### Directions for this task
Exact transcription, pictures omitted: begin at the top line of the records below and end with the line bearing "magsaysay park bilar".

[Extracted records]
╭──

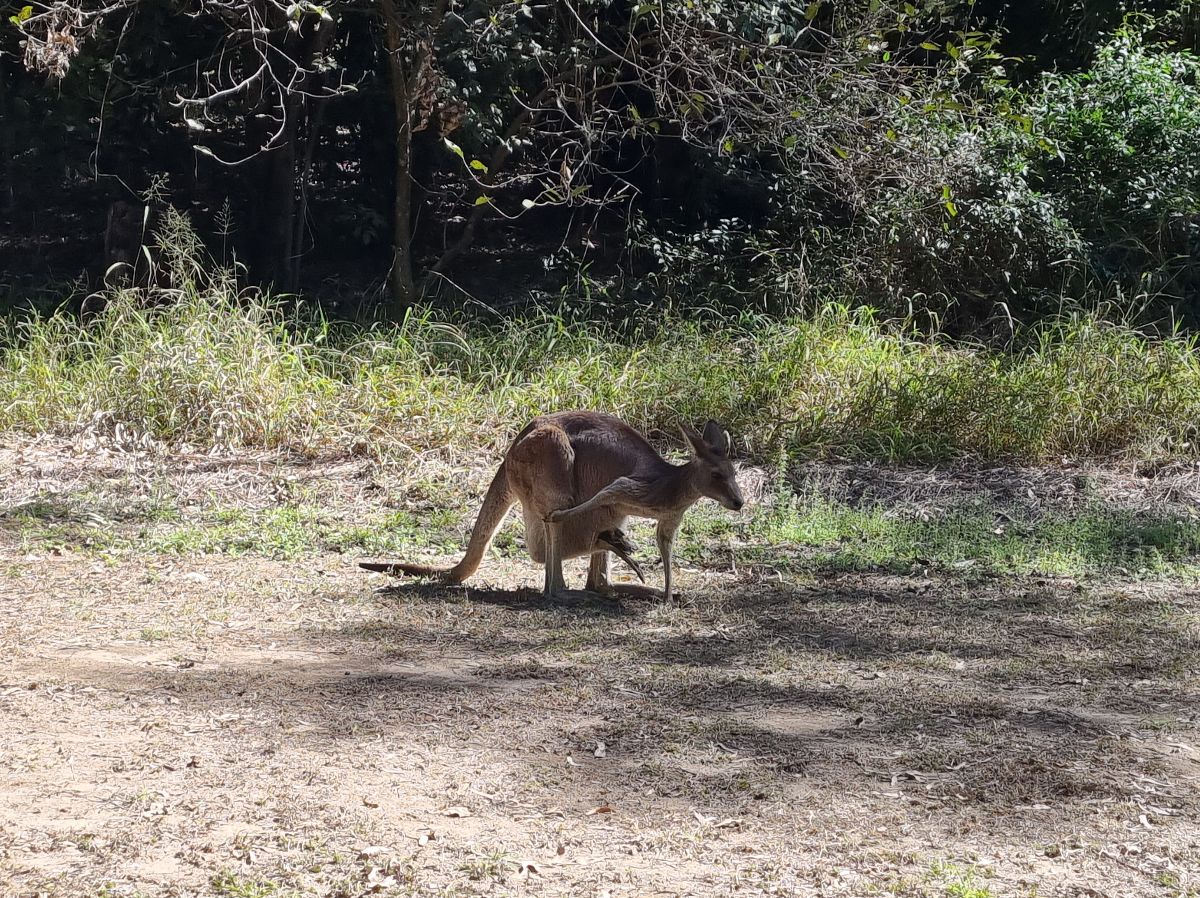 Local wildlife at the campground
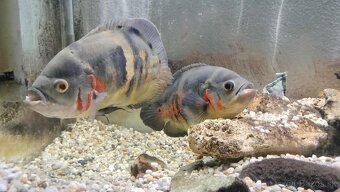 Predam cichlidy - 2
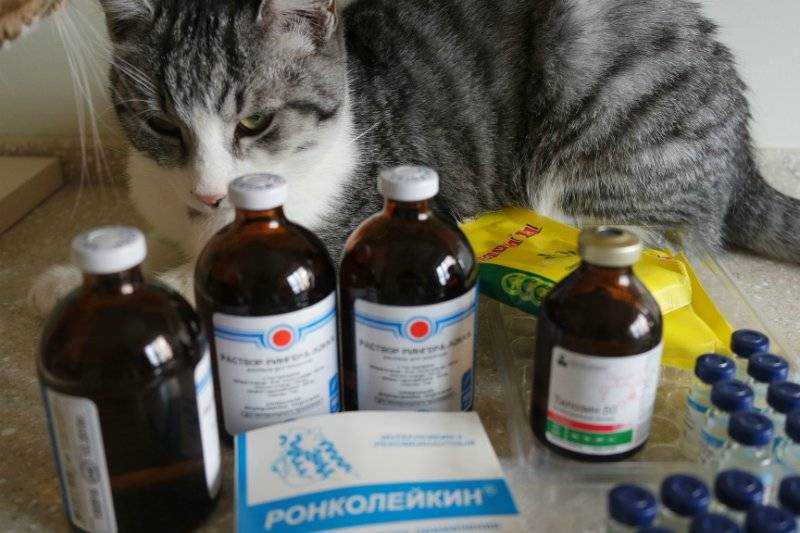 Отравление у кошки: ядами, бытовой химией, продуктами, цветами. симптомы, лечение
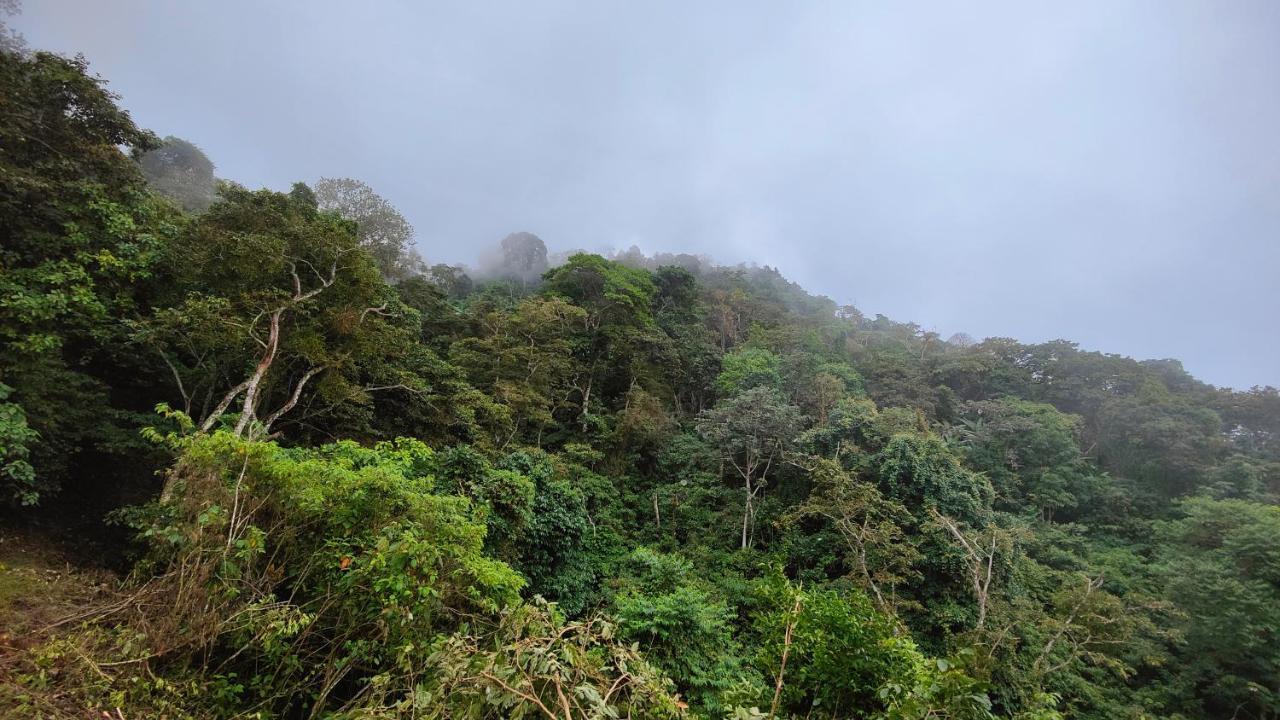 Minca Sintropia - Sustainable Lodge & Organic Coffee Finca Exterior photo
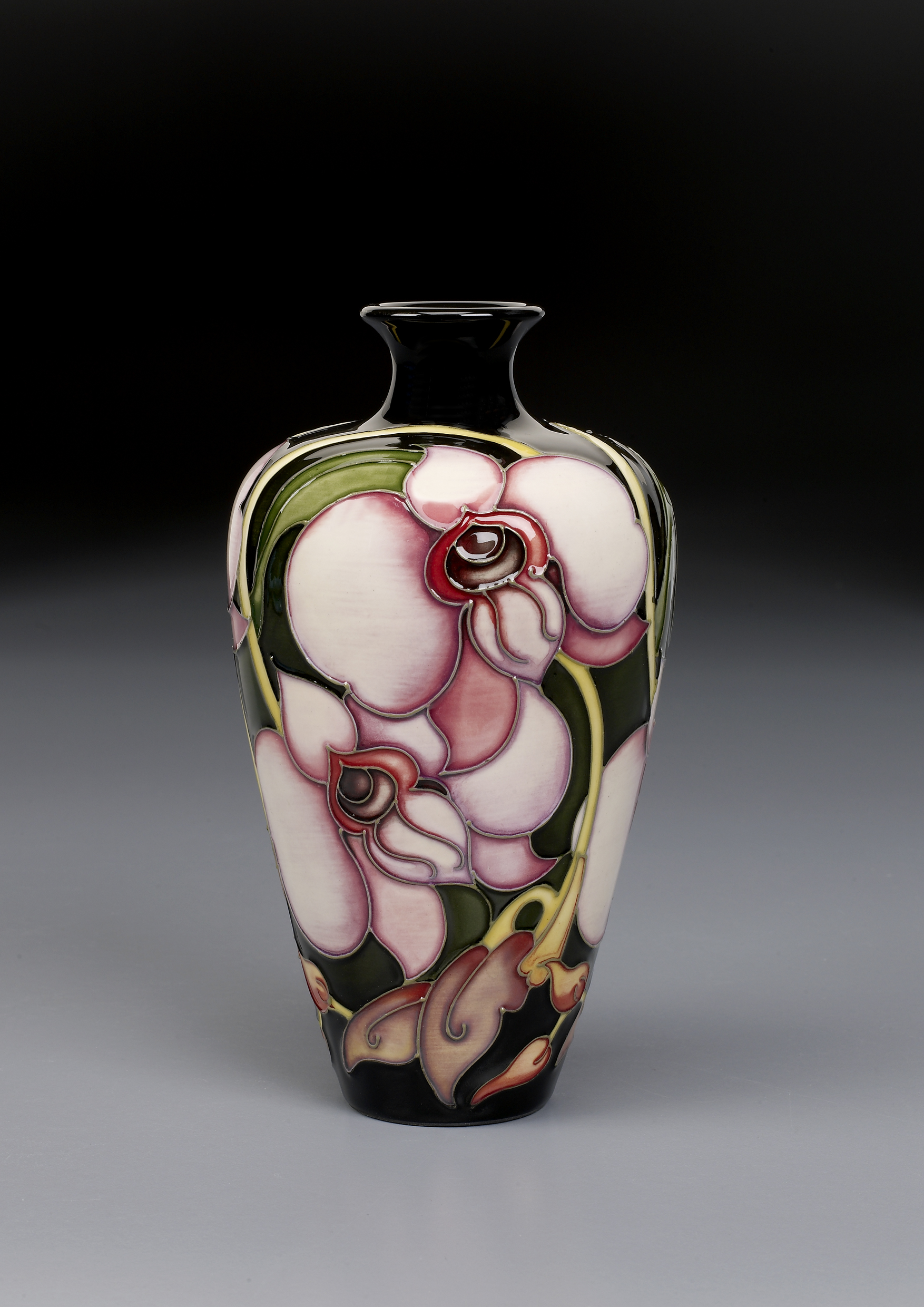 164 Cooktown Orchid 72-6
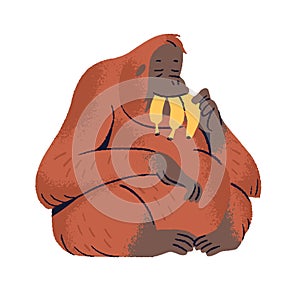 Funny orangutan eating bananas. Happy furry monkey, great ape with red fur relax. Cute primate with fruit rests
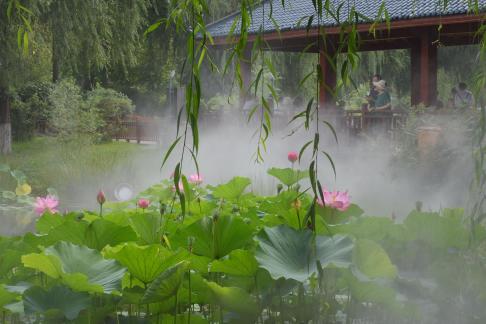 Appreciating Lotus in the Mist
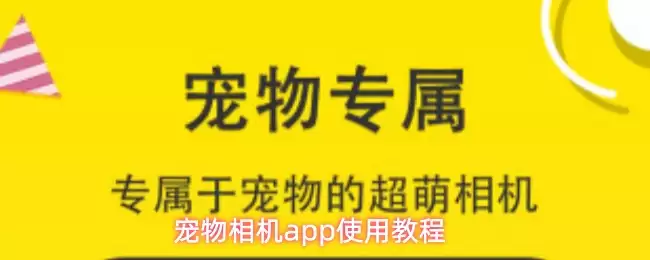 宠物相机app使用教程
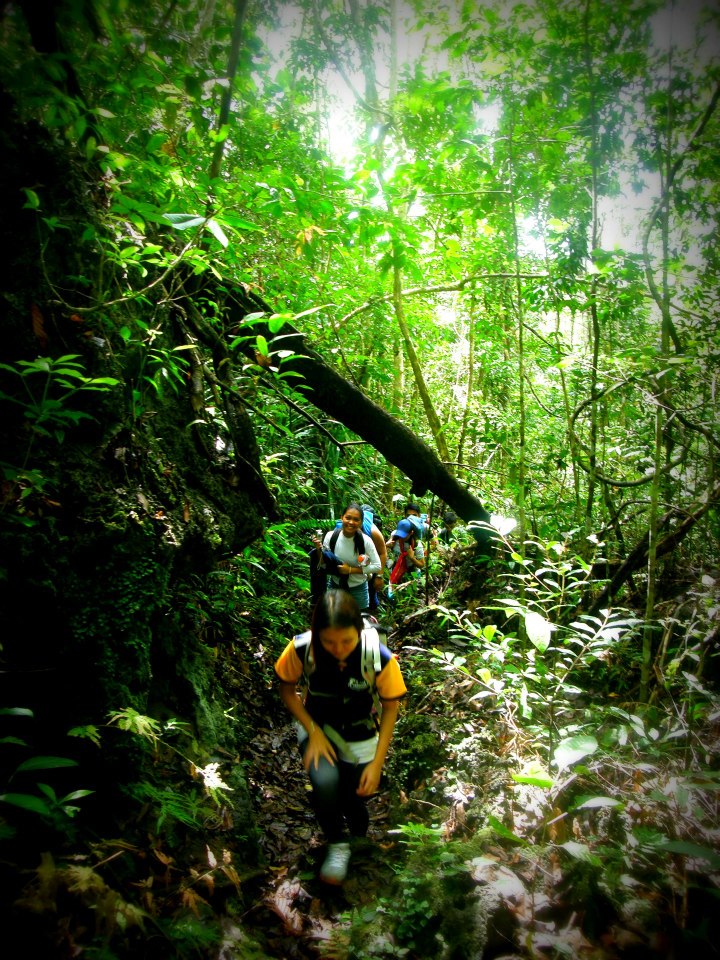 magsaysay park bilar bohol, places to go bohol, nature wildlife bohol, camping bohol, trekking bohol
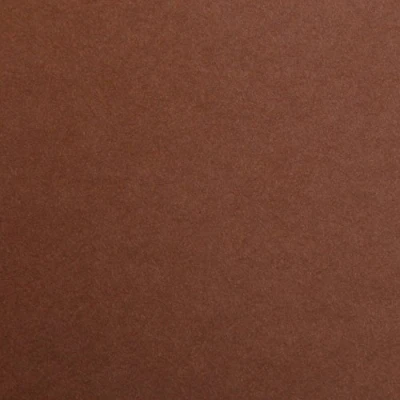 Abbildung von Clairefontaine 97361C Packung (mit 25 Bögen Zeichenpapier Maya, DIN A4, 21 x 29,7 cm, 120g, glatt, ideal für Trockentechnik und Einrahmen) dunkelbraun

╰──

### Exercise result
 Local wildlife at the campground
 Predam cichlidy - 2
 Отравление у кошки: ядами, бытовой химией, продуктами, цветами. симптомы, лечение
 Minca Sintropia - Sustainable Lodge & Organic Coffee Finca Exterior photo
 164 Cooktown Orchid 72-6
 Funny orangutan eating bananas. Happy furry monkey, great ape with red fur relax. Cute primate with fruit rests
 Appreciating Lotus in the Mist
 宠物相机app使用教程
 magsaysay park bilar bohol, places to go bohol, nature wildlife bohol, camping bohol, trekking bohol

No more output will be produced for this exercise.